NARRATOR: Maine wasn't the only state involved in the prescription drug war. In the Northwest, the state of Oregon had a history of taking bold positions on difficult health issues, from rationing to euthanasia. Oregon's government realized that along with seniors there was another group affected by skyrocketing drug prices: the uninsured poor, covered by Medicaid. This became the top priority of Governor John Kitzhaber, a former emergency-room physician.

Gov. JOHN KITZHABER (D), Oregon 1995-'03: They're eating up the Medicaid budget. The size of the increase was stunning. Between the last budget cycle and this budget cycle, pharmaceuticals went up over 60 percent. As costs increase in the U.S. system, the way we deal with it is we squeeze people out. We deny access to other people. So the fact that the drugs were going up was resulting in other people not getting access to anything, you know, like insulin, like penicillin.

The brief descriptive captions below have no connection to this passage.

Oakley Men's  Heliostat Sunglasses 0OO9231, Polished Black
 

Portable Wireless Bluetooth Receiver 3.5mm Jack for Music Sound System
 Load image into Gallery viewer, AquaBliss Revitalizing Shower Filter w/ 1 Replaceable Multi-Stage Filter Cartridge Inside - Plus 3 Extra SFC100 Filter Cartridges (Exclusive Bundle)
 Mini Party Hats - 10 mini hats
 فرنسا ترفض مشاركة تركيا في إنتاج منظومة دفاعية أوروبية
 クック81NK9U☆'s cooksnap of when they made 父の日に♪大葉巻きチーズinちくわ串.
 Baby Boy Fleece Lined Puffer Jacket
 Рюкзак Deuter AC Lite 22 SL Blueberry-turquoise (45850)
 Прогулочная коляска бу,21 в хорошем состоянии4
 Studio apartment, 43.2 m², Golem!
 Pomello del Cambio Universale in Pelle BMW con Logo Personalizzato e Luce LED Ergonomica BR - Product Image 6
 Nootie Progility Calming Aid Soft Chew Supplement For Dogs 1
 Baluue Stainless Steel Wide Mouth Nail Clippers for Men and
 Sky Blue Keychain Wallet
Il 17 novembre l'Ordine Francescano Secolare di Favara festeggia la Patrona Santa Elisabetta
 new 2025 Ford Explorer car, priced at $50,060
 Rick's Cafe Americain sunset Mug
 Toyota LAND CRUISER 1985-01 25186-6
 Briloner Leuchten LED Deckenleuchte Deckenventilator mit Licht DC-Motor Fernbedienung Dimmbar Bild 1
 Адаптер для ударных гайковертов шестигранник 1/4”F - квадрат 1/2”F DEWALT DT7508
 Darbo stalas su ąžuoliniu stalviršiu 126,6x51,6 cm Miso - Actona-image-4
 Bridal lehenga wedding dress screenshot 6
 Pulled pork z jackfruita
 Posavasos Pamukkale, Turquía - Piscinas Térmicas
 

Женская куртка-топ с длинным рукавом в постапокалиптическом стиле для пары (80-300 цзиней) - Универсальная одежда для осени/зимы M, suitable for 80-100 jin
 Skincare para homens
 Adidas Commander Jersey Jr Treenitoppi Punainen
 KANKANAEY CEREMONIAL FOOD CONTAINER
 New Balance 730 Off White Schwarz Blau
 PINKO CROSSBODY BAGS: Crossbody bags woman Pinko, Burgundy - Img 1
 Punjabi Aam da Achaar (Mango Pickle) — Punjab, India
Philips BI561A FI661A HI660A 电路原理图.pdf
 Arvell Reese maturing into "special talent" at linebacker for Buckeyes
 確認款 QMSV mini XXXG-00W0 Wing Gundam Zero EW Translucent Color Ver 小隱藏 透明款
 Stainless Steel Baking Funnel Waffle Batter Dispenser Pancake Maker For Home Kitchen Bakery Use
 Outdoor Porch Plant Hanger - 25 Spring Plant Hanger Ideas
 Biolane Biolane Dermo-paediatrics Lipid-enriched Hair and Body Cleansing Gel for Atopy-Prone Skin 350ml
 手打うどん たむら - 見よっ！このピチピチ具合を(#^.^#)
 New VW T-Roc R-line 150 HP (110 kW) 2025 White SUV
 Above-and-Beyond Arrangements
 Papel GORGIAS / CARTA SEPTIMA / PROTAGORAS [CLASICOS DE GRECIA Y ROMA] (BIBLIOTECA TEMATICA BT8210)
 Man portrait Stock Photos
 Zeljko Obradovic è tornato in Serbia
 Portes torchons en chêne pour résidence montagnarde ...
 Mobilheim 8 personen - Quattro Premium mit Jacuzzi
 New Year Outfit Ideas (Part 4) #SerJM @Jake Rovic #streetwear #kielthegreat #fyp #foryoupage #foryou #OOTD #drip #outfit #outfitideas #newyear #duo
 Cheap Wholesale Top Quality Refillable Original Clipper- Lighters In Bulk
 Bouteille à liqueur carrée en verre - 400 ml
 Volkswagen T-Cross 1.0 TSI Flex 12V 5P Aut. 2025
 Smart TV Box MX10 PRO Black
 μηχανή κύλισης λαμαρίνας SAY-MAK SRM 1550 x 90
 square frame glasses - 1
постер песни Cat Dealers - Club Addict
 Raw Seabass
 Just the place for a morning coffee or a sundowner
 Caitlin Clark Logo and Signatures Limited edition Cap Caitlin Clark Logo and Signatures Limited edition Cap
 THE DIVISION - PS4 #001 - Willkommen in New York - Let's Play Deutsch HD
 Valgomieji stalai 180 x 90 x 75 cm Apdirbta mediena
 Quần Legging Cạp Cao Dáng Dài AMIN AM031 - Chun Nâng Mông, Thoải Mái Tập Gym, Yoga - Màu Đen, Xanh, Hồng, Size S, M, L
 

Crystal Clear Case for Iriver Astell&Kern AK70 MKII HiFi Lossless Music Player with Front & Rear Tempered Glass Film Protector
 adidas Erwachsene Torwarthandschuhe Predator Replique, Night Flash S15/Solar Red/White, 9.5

NARRATOR: Kitzhaber realized that if the state spent health dollars more efficiently, Medicaid would reach more people. But he believed that Oregon's current drug usage was riddled with waste.

Gov. JOHN KITZHABER: I have a young man who works for me that had pain in his wrist, and he went to see his doctor and came back with a prescription for Celebrex, which is an enormously expensive anti-inflammatory drug. That cost about $75 a month. There's no clinical evidence to suggest that Celebrex is any more effective than across-the-counter Ibuprofen, Advil, at $7 a month for an otherwise healthy young man with no history of gastrointestinal problems. So the difference is $68 -- $68 that contributed to the escalation of health care costs but didn't produce a health benefit.

NARRATOR: Kitzhaber believed that such waste was happening all over Oregon, and the only way to reduce it was to make people aware of the true costs and benefits of available drugs.

Gov. JOHN KITZHABER: Instead of asking simply how we can simply finance this increasing cost, we should be asking why do these drugs cost so much in the first place, and what are we getting in terms of health for this huge, growing expenditure?

NARRATOR: Out of these discussions, Oregon would later build its own drug bill, based not on controlling prices but on maximizing value for money.

But observers realized Kitzhaber had hit on a crucial point that was true for all Americans. As long as people remained ignorant of both the benefits and costs of drugs, there was little hope of controlling expenditures. The key was information. In pockets across America, there were growing discussions about the costs and the benefits of prescription drugs.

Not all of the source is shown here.